Beginning with the line containing "Naklejka premium Milano, Europe, Marseille, Nice, Street, Blue" and ending at the last line of the records, transcribe each line exactly. Do not include pictures.

[Web page caption snippets]
◇ ◇ ◇ ◇
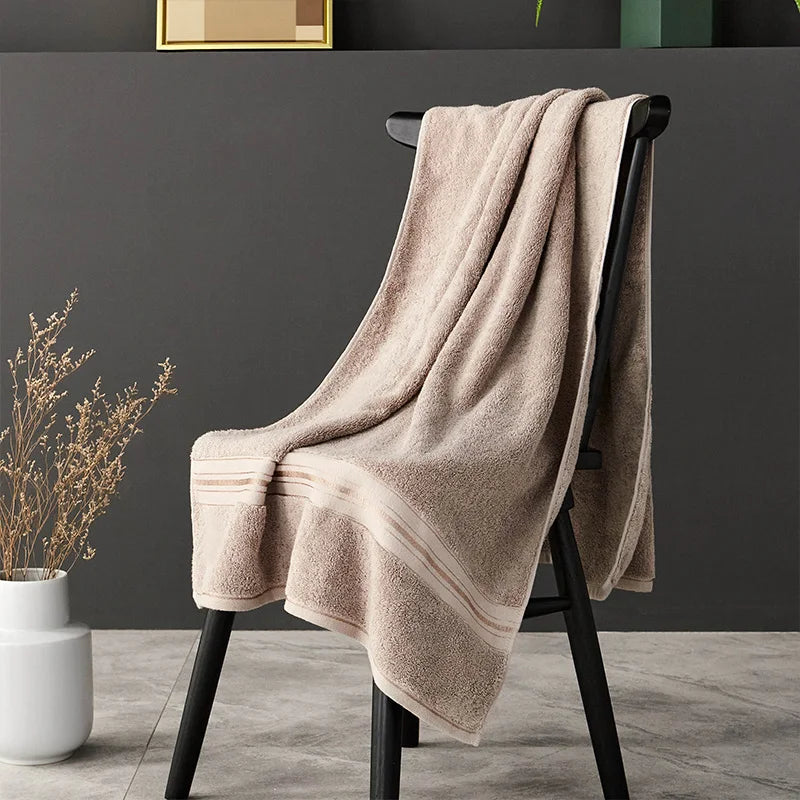 Ägyptische Baumwolle Handtuch Set – Bade- & Gesichtstuch | Luxuriös Weich & Saugfähig für Bad, Reise & Sport Kaufschwan® Badetuch 70x150cm 5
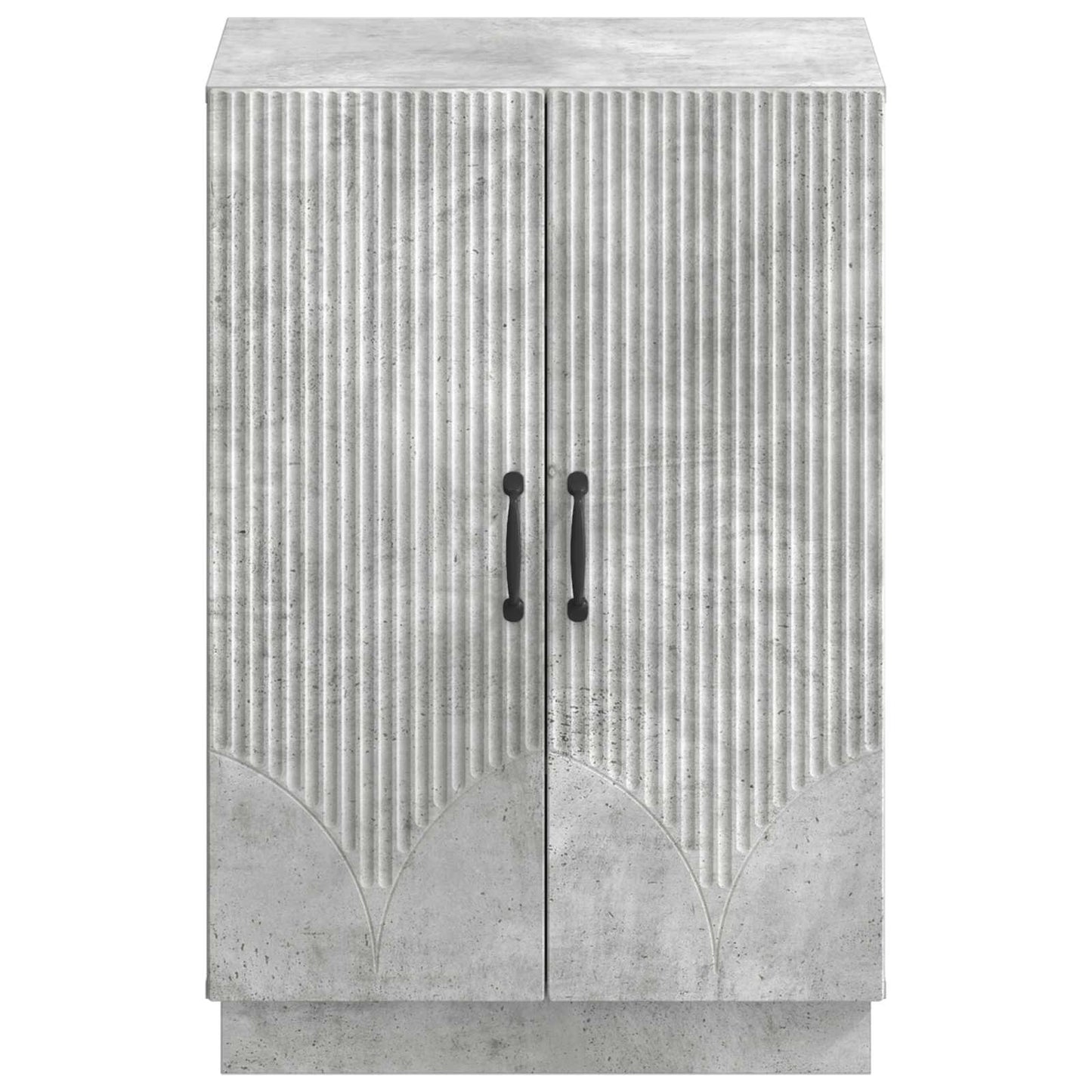 Schoenenkast HOORN 59,5 x 39,5 x 87 cm Bewerkt hout Betongrijs is nu te koop bij PeponiXL, paradijselijk wonen!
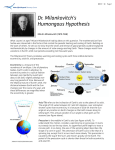 Dr. Milankovitch`s Humongous Hypothesis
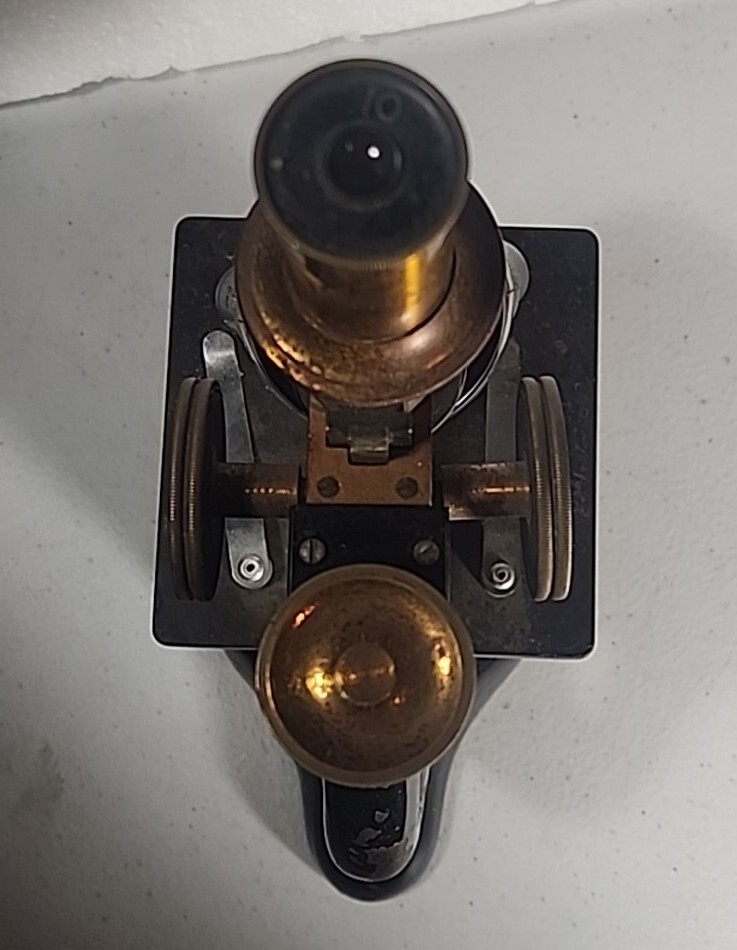 Vintage Bausch & Lomb Optical Microscope Brass / Metal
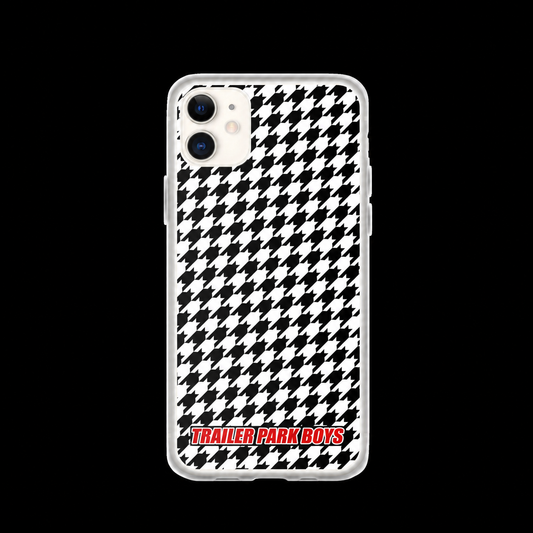 Houndstooth Phone Case for iPhone on a black background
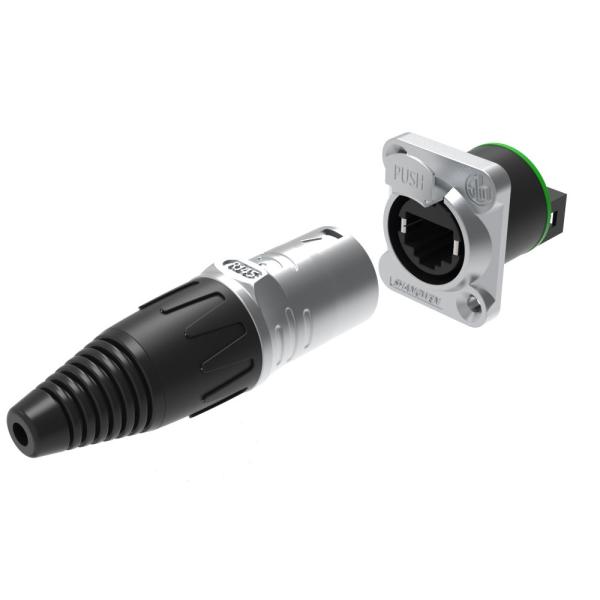 Ethernet Network Modular Jack Plug Panel Mount Socket 5-7mm Cable Industrial Electronics Accessories Chassis Male Connectors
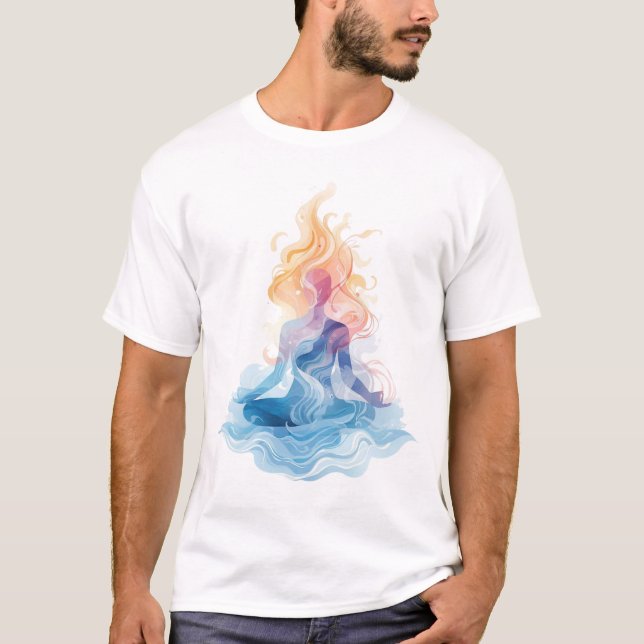  Inner Stillness – A Moment of Pure Calm T-Shirt (Front)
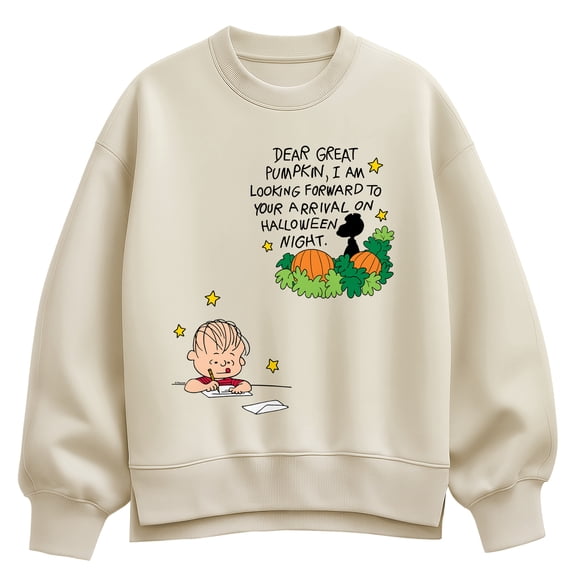 Peanuts - Linus Great Pumpkin - Women's Oversized Fleece Crew Sweatshirt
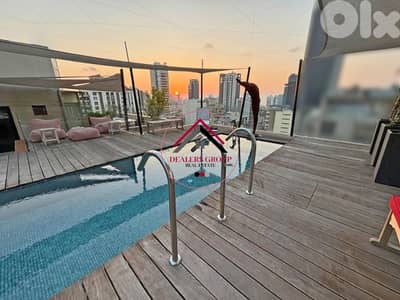 Private Pool ! Modern Penthouse for sale in the Heart of Achrafieh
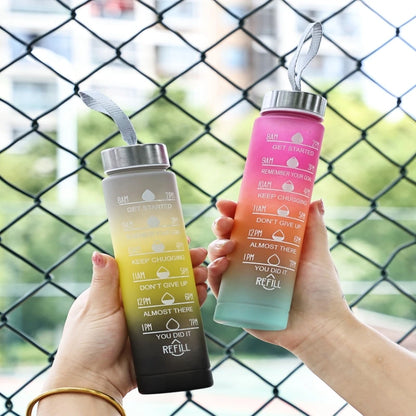 800ML Large Capacity Sports Water Bottle Leak Proof Plastic Drinking Cup With Scale Suitable For Travel Fitness Leakproof by Sama Homes - Sustainable Living (View 5)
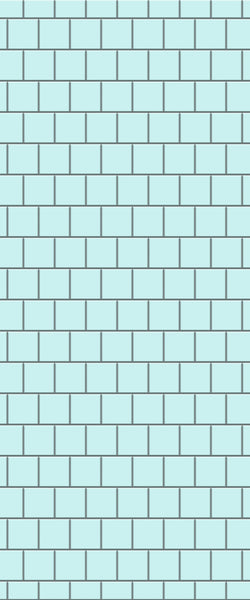 Blue Large Squares Acrylic Shower Wall Panel 2440mm x 1220mm (3mm Thick) - CladdTech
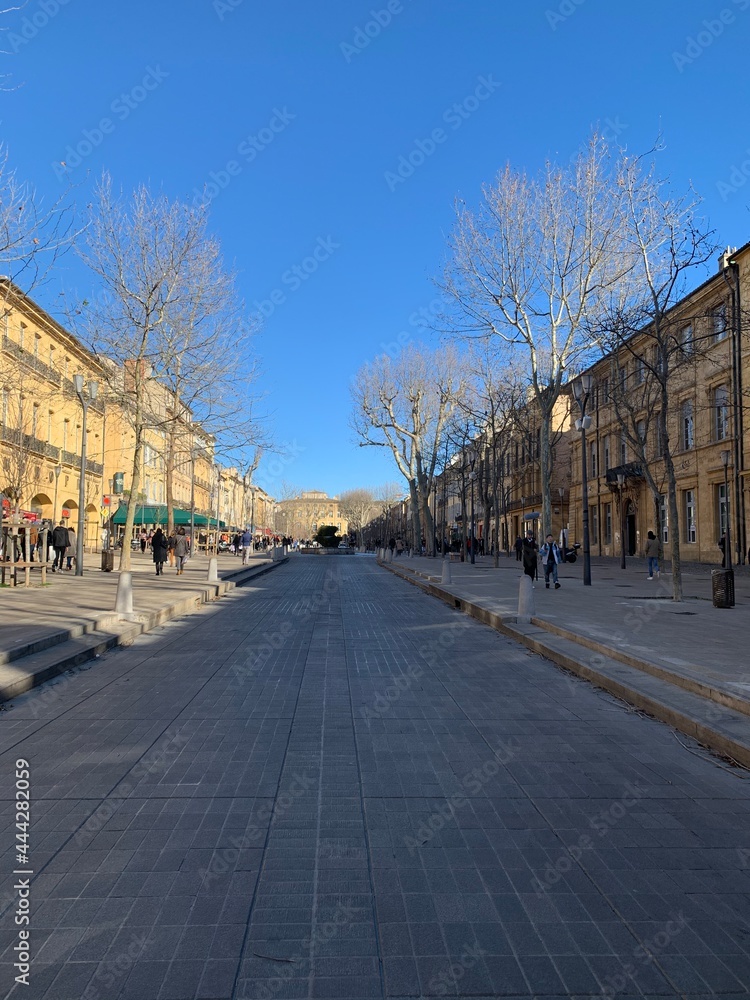 Naklejka premium Milano, Europe, Marseille, Nice, Street, Blue Sky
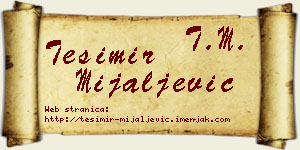 Tešimir Mijaljević vizit kartica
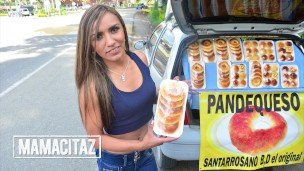 Tight Pussy Babe Adriana Betancur Facialized After Hard Drilling - CARNE DEL MERCADO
◇ ◇ ◇ ◇
Solution for this task
 Naklejka premium Milano, Europe, Marseille, Nice, Street, Blue Sky
 Tešimir Mijaljević vizit kartica
 Tight Pussy Babe Adriana Betancur Facialized After Hard Drilling - CARNE DEL MERCADO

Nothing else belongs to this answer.